(Record excerpts begins)

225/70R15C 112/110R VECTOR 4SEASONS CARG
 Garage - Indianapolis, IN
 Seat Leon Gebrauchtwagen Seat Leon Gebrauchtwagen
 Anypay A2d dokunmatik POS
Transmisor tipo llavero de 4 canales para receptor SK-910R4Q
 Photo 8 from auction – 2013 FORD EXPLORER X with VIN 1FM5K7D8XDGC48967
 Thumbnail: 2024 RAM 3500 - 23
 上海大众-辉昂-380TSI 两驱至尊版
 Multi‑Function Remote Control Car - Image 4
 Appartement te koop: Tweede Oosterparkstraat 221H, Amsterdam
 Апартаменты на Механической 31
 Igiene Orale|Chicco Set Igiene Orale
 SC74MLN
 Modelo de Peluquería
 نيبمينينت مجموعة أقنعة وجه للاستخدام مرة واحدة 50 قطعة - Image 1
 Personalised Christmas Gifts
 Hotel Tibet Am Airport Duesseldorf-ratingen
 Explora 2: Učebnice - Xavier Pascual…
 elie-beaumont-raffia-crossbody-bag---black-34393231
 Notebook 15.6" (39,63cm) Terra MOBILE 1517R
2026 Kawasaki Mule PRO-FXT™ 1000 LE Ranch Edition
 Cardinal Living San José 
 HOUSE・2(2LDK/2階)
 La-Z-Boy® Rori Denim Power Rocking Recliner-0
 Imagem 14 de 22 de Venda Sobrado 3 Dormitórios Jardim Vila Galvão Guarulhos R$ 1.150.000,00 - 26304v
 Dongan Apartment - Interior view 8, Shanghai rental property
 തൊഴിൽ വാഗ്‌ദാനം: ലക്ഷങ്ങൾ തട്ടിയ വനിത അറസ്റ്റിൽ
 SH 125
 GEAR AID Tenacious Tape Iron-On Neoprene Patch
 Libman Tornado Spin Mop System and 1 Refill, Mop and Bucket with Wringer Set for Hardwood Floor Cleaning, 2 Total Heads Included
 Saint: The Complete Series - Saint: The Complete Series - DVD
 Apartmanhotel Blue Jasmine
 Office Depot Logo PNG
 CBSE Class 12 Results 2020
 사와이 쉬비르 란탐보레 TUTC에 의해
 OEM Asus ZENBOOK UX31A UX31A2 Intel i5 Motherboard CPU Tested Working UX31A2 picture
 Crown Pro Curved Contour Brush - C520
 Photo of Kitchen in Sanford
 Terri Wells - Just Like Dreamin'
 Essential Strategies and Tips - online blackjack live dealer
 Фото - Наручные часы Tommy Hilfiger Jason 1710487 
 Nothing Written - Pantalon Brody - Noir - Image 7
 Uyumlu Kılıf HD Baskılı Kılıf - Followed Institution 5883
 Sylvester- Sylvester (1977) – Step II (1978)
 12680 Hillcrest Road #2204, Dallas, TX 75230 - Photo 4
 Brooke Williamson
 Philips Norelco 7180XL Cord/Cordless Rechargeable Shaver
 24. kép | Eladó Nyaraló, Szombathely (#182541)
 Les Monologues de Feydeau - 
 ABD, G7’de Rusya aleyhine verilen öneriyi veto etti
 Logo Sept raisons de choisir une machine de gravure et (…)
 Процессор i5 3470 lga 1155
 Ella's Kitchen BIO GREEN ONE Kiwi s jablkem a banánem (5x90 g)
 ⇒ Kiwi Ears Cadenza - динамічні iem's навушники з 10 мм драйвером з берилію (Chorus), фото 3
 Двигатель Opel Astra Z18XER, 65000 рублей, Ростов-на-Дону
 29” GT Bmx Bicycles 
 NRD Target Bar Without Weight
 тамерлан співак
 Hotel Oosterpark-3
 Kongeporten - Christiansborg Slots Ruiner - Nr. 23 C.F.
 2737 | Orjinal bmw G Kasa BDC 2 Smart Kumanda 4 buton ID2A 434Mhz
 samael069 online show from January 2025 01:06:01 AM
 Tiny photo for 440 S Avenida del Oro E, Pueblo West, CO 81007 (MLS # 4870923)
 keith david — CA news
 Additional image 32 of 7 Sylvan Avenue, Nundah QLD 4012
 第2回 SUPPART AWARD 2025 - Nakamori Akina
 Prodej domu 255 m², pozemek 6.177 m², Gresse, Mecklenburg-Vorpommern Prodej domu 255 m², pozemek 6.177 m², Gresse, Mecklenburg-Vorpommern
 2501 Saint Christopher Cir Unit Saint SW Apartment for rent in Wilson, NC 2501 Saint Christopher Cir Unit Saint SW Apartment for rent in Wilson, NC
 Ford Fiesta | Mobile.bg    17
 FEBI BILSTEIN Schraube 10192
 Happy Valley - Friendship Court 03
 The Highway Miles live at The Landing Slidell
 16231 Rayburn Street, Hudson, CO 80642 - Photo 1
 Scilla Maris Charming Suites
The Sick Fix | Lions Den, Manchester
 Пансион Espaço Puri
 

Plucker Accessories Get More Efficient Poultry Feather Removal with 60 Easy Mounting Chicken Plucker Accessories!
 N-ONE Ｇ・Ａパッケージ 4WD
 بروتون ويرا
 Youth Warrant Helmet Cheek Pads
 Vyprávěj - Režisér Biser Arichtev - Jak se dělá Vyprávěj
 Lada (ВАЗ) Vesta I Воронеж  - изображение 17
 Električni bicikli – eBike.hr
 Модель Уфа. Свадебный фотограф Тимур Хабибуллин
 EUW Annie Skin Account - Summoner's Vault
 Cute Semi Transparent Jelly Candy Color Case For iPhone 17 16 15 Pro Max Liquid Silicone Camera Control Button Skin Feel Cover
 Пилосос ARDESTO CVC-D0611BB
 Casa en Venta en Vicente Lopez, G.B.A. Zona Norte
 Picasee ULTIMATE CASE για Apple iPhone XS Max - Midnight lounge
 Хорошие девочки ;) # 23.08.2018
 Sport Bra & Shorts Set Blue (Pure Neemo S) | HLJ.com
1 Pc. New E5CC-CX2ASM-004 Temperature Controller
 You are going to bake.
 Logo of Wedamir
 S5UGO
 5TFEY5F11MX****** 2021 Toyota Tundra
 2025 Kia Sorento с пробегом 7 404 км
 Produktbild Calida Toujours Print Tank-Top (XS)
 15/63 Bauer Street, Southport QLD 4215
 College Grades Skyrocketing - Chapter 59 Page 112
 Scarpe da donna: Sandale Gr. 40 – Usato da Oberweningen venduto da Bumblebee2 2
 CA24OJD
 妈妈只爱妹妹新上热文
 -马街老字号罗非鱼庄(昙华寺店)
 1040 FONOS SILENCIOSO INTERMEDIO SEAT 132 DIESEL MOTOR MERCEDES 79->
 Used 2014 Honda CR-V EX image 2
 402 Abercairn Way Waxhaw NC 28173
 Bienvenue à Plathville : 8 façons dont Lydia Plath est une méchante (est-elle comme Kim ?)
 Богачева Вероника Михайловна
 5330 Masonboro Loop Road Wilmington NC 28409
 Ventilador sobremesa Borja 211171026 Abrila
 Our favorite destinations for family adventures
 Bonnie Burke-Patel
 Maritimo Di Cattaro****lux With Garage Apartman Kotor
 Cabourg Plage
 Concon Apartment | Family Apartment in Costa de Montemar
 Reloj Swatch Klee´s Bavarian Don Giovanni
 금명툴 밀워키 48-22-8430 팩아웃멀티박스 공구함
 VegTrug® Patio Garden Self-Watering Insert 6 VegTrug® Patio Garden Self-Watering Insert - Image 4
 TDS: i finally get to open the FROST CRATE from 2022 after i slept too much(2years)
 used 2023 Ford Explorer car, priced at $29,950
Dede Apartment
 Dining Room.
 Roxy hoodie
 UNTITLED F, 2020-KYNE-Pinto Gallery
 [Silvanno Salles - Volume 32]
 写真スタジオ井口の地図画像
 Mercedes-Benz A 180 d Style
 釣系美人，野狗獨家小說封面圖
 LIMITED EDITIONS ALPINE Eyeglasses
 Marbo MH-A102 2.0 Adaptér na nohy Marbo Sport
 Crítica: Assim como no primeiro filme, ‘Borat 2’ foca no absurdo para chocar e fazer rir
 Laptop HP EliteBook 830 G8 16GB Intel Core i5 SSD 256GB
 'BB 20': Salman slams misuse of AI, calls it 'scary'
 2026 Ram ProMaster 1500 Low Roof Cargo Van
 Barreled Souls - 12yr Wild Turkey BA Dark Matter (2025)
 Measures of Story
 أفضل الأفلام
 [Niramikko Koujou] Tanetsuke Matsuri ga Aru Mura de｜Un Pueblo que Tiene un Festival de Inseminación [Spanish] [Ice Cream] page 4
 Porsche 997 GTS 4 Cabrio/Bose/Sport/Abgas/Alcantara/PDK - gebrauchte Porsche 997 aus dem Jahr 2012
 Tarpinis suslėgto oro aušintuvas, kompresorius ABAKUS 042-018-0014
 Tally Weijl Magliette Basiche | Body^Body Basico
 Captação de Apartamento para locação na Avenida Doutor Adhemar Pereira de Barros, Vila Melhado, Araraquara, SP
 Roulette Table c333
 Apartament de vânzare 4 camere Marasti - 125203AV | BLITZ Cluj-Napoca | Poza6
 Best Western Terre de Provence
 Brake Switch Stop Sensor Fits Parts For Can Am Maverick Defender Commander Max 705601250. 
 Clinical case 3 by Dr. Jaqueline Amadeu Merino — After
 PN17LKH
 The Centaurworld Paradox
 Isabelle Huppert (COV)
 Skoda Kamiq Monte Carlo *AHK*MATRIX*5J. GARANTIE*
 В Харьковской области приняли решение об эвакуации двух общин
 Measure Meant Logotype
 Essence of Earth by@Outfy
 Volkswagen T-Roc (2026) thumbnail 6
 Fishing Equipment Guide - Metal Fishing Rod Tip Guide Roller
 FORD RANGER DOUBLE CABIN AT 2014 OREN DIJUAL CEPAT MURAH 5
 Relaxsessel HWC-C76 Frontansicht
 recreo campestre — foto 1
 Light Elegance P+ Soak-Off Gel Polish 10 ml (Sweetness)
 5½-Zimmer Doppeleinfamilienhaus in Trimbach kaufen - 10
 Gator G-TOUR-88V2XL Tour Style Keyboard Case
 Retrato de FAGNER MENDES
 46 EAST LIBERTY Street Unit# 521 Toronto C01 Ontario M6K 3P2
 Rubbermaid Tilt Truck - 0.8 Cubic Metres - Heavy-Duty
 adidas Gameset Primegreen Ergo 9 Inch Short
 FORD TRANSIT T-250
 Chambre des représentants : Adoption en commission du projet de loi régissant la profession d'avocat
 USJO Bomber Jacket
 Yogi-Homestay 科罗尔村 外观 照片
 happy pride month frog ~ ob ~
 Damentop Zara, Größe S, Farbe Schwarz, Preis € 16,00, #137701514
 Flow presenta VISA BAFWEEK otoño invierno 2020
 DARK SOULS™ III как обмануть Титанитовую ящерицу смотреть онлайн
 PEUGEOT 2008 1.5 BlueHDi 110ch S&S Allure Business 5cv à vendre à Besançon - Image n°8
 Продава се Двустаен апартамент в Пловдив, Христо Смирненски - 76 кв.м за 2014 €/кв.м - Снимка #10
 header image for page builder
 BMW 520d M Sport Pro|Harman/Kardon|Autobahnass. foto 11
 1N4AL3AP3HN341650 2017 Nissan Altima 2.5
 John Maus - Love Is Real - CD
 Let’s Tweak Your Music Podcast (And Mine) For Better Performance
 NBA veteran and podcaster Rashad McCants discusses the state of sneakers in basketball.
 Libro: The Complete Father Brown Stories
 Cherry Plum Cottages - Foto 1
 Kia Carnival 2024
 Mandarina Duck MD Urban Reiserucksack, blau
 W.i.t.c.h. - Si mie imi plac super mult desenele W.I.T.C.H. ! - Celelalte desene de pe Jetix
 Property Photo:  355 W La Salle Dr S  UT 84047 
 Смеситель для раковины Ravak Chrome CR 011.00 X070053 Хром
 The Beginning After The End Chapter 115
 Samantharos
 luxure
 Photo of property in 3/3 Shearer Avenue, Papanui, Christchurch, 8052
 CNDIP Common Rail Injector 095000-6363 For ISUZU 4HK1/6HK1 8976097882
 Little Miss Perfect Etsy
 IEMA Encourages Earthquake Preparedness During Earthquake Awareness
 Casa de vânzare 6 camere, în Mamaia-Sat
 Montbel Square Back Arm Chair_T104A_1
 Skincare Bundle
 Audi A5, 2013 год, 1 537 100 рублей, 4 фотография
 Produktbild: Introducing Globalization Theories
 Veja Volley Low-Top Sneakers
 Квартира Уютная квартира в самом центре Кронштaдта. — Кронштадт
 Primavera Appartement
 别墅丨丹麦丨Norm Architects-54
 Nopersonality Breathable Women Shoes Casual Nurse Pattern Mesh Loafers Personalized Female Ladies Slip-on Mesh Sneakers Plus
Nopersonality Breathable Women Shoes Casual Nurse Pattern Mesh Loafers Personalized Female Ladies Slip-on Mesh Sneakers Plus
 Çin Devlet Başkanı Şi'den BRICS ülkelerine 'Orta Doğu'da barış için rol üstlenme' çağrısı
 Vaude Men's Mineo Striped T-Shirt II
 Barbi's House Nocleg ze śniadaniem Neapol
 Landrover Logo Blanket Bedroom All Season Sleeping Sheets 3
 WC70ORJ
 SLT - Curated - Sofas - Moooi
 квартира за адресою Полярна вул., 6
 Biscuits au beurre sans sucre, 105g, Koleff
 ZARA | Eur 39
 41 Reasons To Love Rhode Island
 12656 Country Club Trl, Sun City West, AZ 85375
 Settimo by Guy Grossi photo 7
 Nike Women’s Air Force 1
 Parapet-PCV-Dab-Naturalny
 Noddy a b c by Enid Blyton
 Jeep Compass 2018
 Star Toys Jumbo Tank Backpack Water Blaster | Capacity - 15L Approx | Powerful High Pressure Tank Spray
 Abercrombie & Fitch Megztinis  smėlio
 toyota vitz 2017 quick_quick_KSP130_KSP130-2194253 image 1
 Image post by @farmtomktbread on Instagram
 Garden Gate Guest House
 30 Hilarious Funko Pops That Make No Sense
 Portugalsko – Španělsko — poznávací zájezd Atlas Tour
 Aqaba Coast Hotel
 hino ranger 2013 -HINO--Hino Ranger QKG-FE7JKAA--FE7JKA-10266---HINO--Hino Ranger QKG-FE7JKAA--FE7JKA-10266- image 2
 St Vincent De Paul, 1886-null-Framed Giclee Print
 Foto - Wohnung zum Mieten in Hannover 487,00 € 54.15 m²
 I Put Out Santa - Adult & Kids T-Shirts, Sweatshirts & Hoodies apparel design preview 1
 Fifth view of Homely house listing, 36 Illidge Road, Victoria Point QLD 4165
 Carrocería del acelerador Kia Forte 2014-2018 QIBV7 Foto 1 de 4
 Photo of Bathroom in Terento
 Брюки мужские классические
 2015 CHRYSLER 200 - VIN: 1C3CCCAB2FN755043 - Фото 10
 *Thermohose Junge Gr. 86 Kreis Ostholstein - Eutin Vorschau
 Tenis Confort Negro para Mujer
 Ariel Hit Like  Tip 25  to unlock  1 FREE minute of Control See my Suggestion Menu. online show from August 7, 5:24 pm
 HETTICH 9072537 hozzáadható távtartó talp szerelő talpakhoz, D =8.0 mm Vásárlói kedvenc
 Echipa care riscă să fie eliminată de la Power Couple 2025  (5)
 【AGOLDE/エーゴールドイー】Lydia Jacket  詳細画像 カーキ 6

(Record excerpts ends)

About this task: Look through the entries above and quote exactly the lines from the line with "Dede Apartment" to the line with "Crítica: Assim como", counting both of those lines.

Answer section:
Dede Apartment
 Dining Room.
 Roxy hoodie
 UNTITLED F, 2020-KYNE-Pinto Gallery
 [Silvanno Salles - Volume 32]
 写真スタジオ井口の地図画像
 Mercedes-Benz A 180 d Style
 釣系美人，野狗獨家小說封面圖
 LIMITED EDITIONS ALPINE Eyeglasses
 Marbo MH-A102 2.0 Adaptér na nohy Marbo Sport
 Crítica: Assim como no primeiro filme, ‘Borat 2’ foca no absurdo para chocar e fazer rir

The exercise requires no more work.